No, Islamic holy texts do not have verses predicting problems with the social media giant. But they do clearly make cheating and deception haram (prohibited). And that is the rationale that Egypt's Grand Mufti Shawki Allam used to declare fake 'likes' haram.
As Grand Mufti, it is Allam's job to interpret Islamic law and issue legal opinions. His fatwas are not binding, but they are generally considered roadmaps for the application of Shariah by other legally empowered institutions in the country, like the courts.
Allam is seen as a liberal cleric. He is Sufi and is the first Grand Mufti to be elected to the post.
He issued his fatwa against the buying and selling of fake 'likes' on Facebook on Facebook.

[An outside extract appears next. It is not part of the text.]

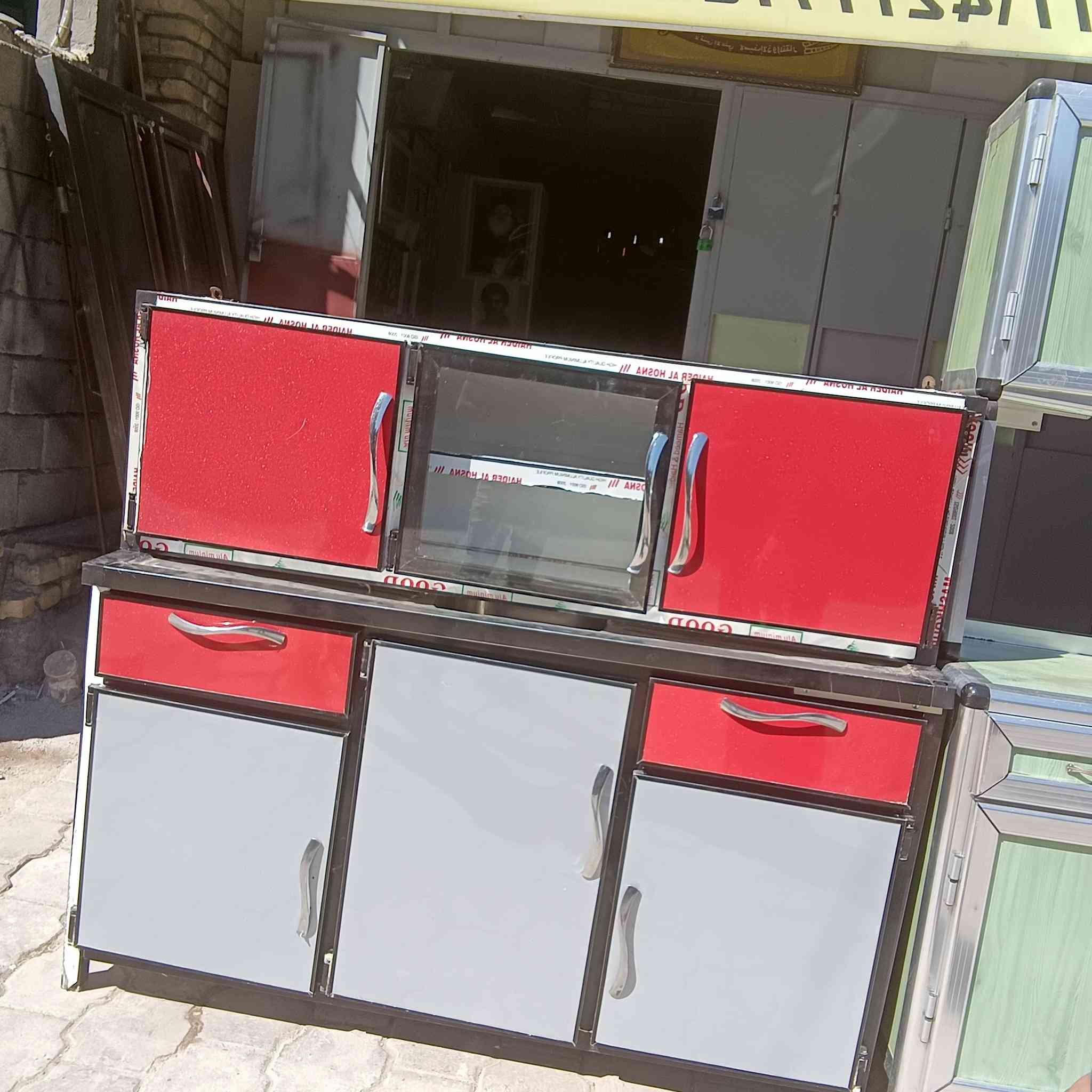 الاحمر متر ونص سنك ومتر ونص ملحق للبيع بسعر مناسب والاخظر مترين ملحق ومترين كاونتر للاستفسار الاتصال على الرقم ***********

One translation of a lengthy post on his page said, "If likes are fake, or electronically generated, and do not resemble real individuals, then that would be considered impermissible given that it's a form of fraud."

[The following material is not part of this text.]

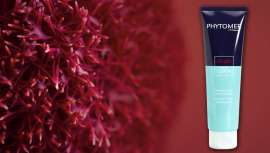 Este gel superfundente aplica-se rapidamente todas as noites e deixa uma maravilhosa sensação de frescura na pele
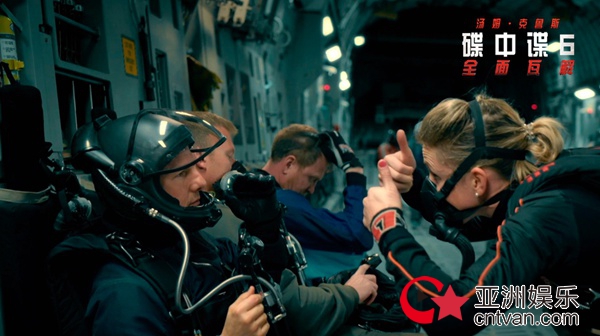 《碟中谍6：全面瓦解》曝“高空危机”版特辑与RealD海报 阿汤哥成为演绎“高跳低开”第一人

He then quoted a hadith in which Prophet Muhammed is said to have said, "He who cheats is not of us". He however made it clear that running ads to expand the audience, which could contribute to a rise in 'likes' is not haram, since the likes will come from real people. He further added that if fake 'likes' increase on a page without the knowledge of the owner of the page, it would not haram on the part of the owner. But the fatwa declared it haram f the owner had known of the manipulation.
This is not the first time Allam has issued a fatwa on matters relating to technology or the internet. He had recently issued a fatwa that declared bitcoins and other cryptocurrencies are not an 'acceptable interface of exchange.